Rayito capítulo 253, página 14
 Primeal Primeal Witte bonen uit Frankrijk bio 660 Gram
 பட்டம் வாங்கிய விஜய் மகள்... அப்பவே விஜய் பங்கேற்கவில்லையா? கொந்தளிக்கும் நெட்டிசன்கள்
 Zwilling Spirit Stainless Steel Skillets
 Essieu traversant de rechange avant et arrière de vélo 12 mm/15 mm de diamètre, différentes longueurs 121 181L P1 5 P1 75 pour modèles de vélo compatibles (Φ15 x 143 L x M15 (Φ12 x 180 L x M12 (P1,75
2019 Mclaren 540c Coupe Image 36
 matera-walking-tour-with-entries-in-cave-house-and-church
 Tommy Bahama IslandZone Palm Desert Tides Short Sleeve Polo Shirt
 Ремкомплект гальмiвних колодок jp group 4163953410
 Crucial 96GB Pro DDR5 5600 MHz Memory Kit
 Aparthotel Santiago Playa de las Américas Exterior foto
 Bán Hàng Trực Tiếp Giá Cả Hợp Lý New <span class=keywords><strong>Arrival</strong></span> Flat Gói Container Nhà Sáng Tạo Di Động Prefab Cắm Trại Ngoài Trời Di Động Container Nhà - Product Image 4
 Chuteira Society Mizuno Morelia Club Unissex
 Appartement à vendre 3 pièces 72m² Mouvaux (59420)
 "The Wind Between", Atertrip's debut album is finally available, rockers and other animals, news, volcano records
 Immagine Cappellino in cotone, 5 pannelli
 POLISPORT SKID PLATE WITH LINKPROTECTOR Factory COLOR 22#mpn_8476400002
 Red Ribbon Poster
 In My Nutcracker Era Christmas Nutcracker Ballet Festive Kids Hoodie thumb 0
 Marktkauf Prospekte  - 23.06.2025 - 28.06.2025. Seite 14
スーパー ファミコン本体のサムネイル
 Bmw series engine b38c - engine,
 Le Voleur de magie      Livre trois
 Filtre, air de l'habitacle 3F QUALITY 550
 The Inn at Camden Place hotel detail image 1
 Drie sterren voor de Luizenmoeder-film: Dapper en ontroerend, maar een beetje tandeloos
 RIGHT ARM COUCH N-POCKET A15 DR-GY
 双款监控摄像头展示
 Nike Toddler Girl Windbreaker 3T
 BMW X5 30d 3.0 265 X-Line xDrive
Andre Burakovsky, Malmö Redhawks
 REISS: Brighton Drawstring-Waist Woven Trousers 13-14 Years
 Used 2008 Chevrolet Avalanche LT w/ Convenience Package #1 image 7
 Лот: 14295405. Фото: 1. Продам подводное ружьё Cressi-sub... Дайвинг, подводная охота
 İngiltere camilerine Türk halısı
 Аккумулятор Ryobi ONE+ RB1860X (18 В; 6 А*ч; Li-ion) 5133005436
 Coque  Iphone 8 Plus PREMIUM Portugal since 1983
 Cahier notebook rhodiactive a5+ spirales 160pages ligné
☆ ☆ ☆
→ INSTRUCTIONS TO FOLLOW:
Exactly as written, reproduce the lines of the data above from the first line through the line where "In My Nutcracker" appears.

→ EXERCISE ANSWER:
Rayito capítulo 253, página 14
 Primeal Primeal Witte bonen uit Frankrijk bio 660 Gram
 பட்டம் வாங்கிய விஜய் மகள்... அப்பவே விஜய் பங்கேற்கவில்லையா? கொந்தளிக்கும் நெட்டிசன்கள்
 Zwilling Spirit Stainless Steel Skillets
 Essieu traversant de rechange avant et arrière de vélo 12 mm/15 mm de diamètre, différentes longueurs 121 181L P1 5 P1 75 pour modèles de vélo compatibles (Φ15 x 143 L x M15 (Φ12 x 180 L x M12 (P1,75
2019 Mclaren 540c Coupe Image 36
 matera-walking-tour-with-entries-in-cave-house-and-church
 Tommy Bahama IslandZone Palm Desert Tides Short Sleeve Polo Shirt
 Ремкомплект гальмiвних колодок jp group 4163953410
 Crucial 96GB Pro DDR5 5600 MHz Memory Kit
 Aparthotel Santiago Playa de las Américas Exterior foto
 Bán Hàng Trực Tiếp Giá Cả Hợp Lý New <span class=keywords><strong>Arrival</strong></span> Flat Gói Container Nhà Sáng Tạo Di Động Prefab Cắm Trại Ngoài Trời Di Động Container Nhà - Product Image 4
 Chuteira Society Mizuno Morelia Club Unissex
 Appartement à vendre 3 pièces 72m² Mouvaux (59420)
 "The Wind Between", Atertrip's debut album is finally available, rockers and other animals, news, volcano records
 Immagine Cappellino in cotone, 5 pannelli
 POLISPORT SKID PLATE WITH LINKPROTECTOR Factory COLOR 22#mpn_8476400002
 Red Ribbon Poster
 In My Nutcracker Era Christmas Nutcracker Ballet Festive Kids Hoodie thumb 0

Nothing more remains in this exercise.